Nintendo Wii pioneered hands-free motion control technology, and Microsoft's Kinect improved it significantly, but the technology has now taken an impressive leap forward with Leap Motion. Various industries from surgeries to architecture, gaming, design and others may be revolutionized.
San Francisco-based startup company Leap Motion has unveiled its extraordinary Leap 3D motion control system, which enables users to control their computers with a hundredth of a millimeter accuracy and touch-free gestures such as pinch-to-zoom.
The Leap 3D motion control system is a tiny USB input device about the size of a pack of gum, but with a sophisticated software platform. Most people have seen what Kinect can do by now, and the system has become very popular by allowing developers to create games and other software enabling people to use their bodies to control what's on their screens. The system proved great for sports games, dancing, fighting and other physical activities, but Kinect's ability to recognize movement is somewhat limited, as CNET points out.
200 Times More Sensitive
Leap, however, is 200 times more sensitive than anything else on the market, according to the company, and it can sense motion down to the slight twitch of a finger. The motion control system creates a four-cubic feet "three-dimensional interaction space", and is reportedly more precise and responsive than a mouse or a touch screen, and as reliable as a keyboard.
Leap Motion CTO David Holz made a demonstration to CNET, showing how the system can perform a range of functions such as navigating an OS or browsing the Web with a subtle finger movement; pinch-to-zoom on maps; enabling engineers to work with a 3D model of clay; manipulating complex 3D data visualizations; precision drawing in 2D or 3D; playing games; writing in the air to sign digital documents, and other such cool functions.
Open to Developers
Another notable aspect is that Leap Motion wants to release the technology into a diverse ecosystem that would support many third-party applications, rather than keeping it closed and trying to develop the apps itself.
"We want to create as vibrant a developer system as possible, and we're reaching out to developers in all sorts of fields," Leap Motion CEO Michael Buckwald told CNET. "We want there to be world-changing applications that fundamentally transform how people interact with their operating systems or browse the Web...The goal is to fundamentally transform how people interact with computers and to do so in the same way that the mouse did, which means that the transformation affects everyone, both from the most basic use case all the way up to the most advanced use cases you can imagine for computing technology."

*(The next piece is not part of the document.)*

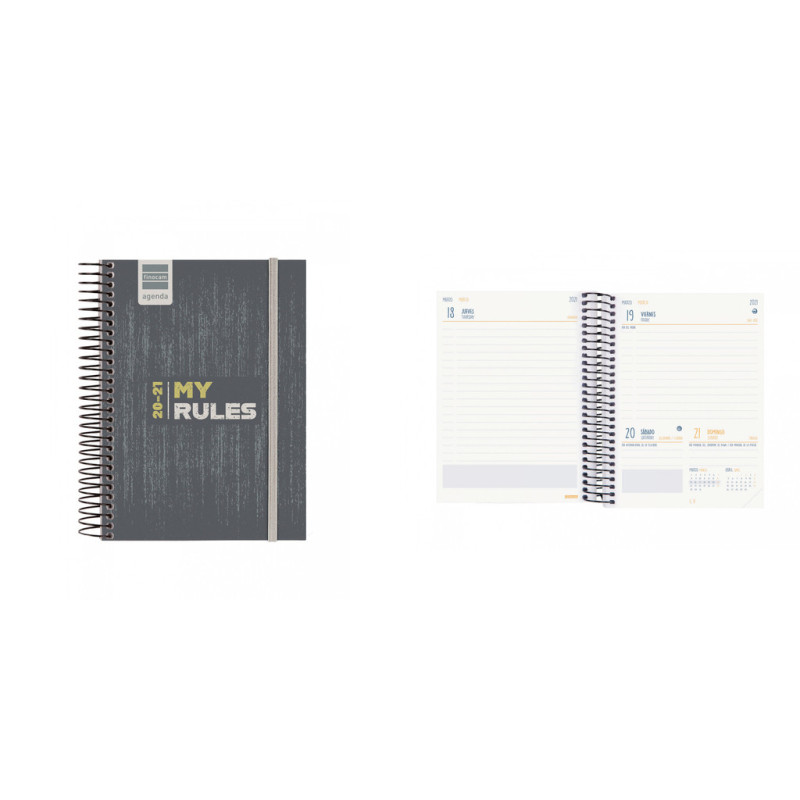 AGENDA ESCOLAR FINOCAM20 SEC. RULES 1/8 1DP + 634262221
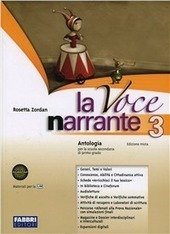 LA VOCE NARRANTE VOL. 3 SET - EDIZIONE MISTA. + …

As opposed to Microsoft, which initially launched the Kinect as a closed system, Leap Motion chose from the start to involve developers. The company wants users who have purchased the Leap motion control system to be able to access an app store and buy a wide range of apps built for the device. "We believe that ultimately, the sheer number of use cases for this technology are so great that the value can only be realized by making it open," Buckwald added, as cited by CNET.
Ready, Set, Go!
Leap Motion has already received over 1,000 inquiries from developers interested in the project, and it expects that number to grow "exponentially" as more people hear about the technology. The company will be looking for a few hundred developers to start with, but will expand the program soon after by sending out 15,000 - 20,000 free developer kits. According to Buckwald, Leap Motion is immediately starting to take applicants for the program. "We're going to ask developers what kinds of things they envision building and from that, we're going to make decisions about the order on which we bring developers into the program," said Buckwald, as cited by CNET.
The Leap 3D motion control system will be available for just $69.99, and a select few can pre-order starting Monday, May 21, 2012, with shipments starting this winter. Software developer kits are available as well, enabling developers to create Leap-based programs.